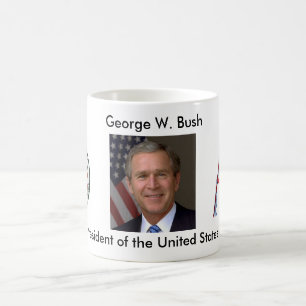 Busch-Tasse Georges W. Kaffeetasse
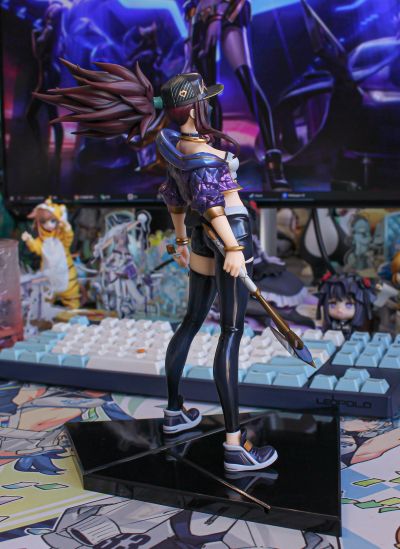 英雄联盟 K/DA 阿卡丽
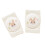 Kids Protective Knee Elbow Guards for Crawling Learning-milia 1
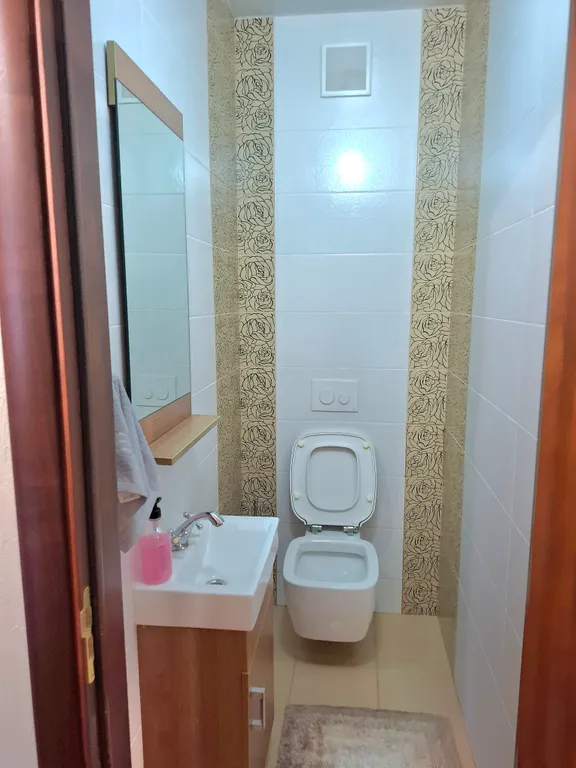 Квартира Уютная атмосферная квартира в тихом историческом центре — Калининград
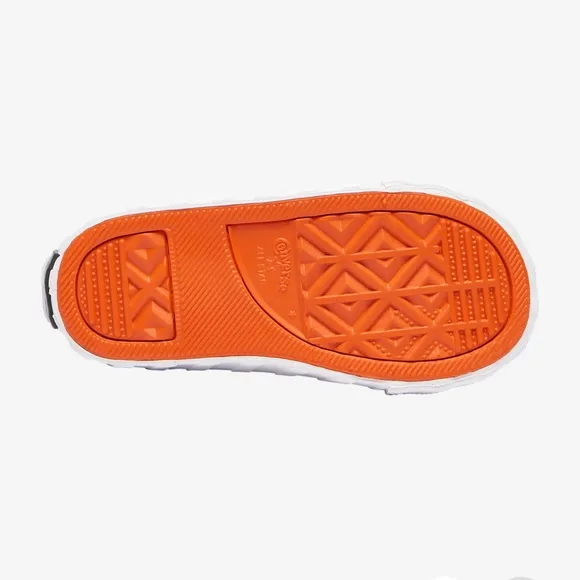 New Converse CTAS Hi UNT1T!3D OG
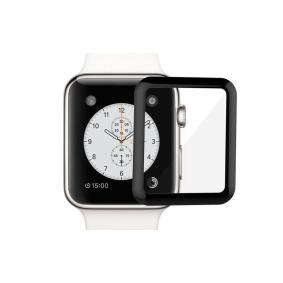 Protector de cristal apple watch serie 1 42 mm
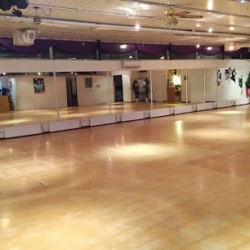 Tanssikoulu Heikki ja Vieno Ketonen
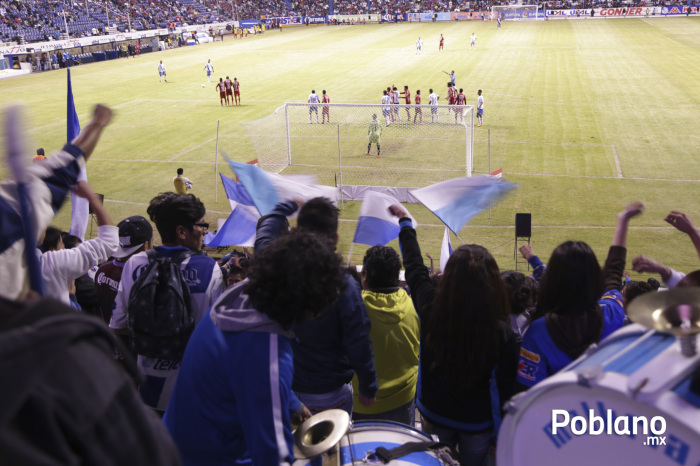 Puebla – Lobos / Foto: Pau Macías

━━━━━━━━━━━━━━━━━━━━━━━━━━━━━━

• **ACTIVITY**
Your task is to set down each line above verbatim while excluding the pictures.

• **EXERCISE ANSWER**
 Busch-Tasse Georges W. Kaffeetasse
 英雄联盟 K/DA 阿卡丽
 Kids Protective Knee Elbow Guards for Crawling Learning-milia 1
 Квартира Уютная атмосферная квартира в тихом историческом центре — Калининград
 New Converse CTAS Hi UNT1T!3D OG
 Protector de cristal apple watch serie 1 42 mm
 Tanssikoulu Heikki ja Vieno Ketonen
 Puebla – Lobos / Foto: Pau Macías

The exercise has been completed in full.